De son côté, Nabil, qui est venu au Québec avec sa conjointe «pour avoir une vie meilleure», exprime vivre beaucoup de stress en lien avec son processus d’immigration et la fin du PEQ, qui laisse encore beaucoup d’immigrants dans le néant quant à leur avenir.
«On est dans un stress énorme et on reçoit des nouvelles floues tous les jours», laisse-t-il tomber.
Ce qu’ils ont dit
«À l’époque où Jean Boulet était ministre de l’Immigration, il y a eu de belles avancées pour le marché de l’emploi en matière d’immigration temporaire. Puis l’actuel ministre, Jean-François Roberge, n’a pas milité pour garder ces acquis quand le fédéral a resserré la vis dans le programme des travailleurs temporaires»
– Me Maxime Lapointe, avocat spécialisé en immigration
«Les changements [des programmes d’immigration], c’est un peu débilitant. Et c’est l’idée que tout le futur que je veux me construire sera finalement beaucoup plus difficile»

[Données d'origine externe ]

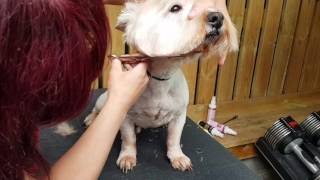 Trimming a westie head [upl. by Idnahr]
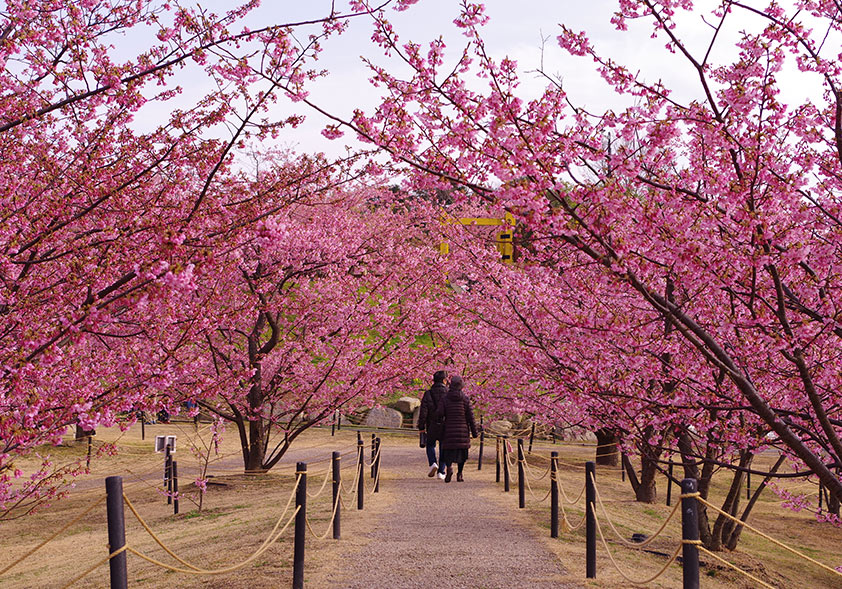 城山歴史公園の河津桜の画像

– Andrea Rampinini, chef de rang au Continental
«[Avec la fin du PEQ] on se sent rejetés et plus désirés et ça pourrait devenir un traumatisme, comme ce l’est pour un enfant ou pour un couple»
– Nicolas Verges Batalla, chef de rang au Continental
«La démission du premier ministre François Legault, est-ce que ça va servir? Est-ce que tout sera mis sur pause encore?»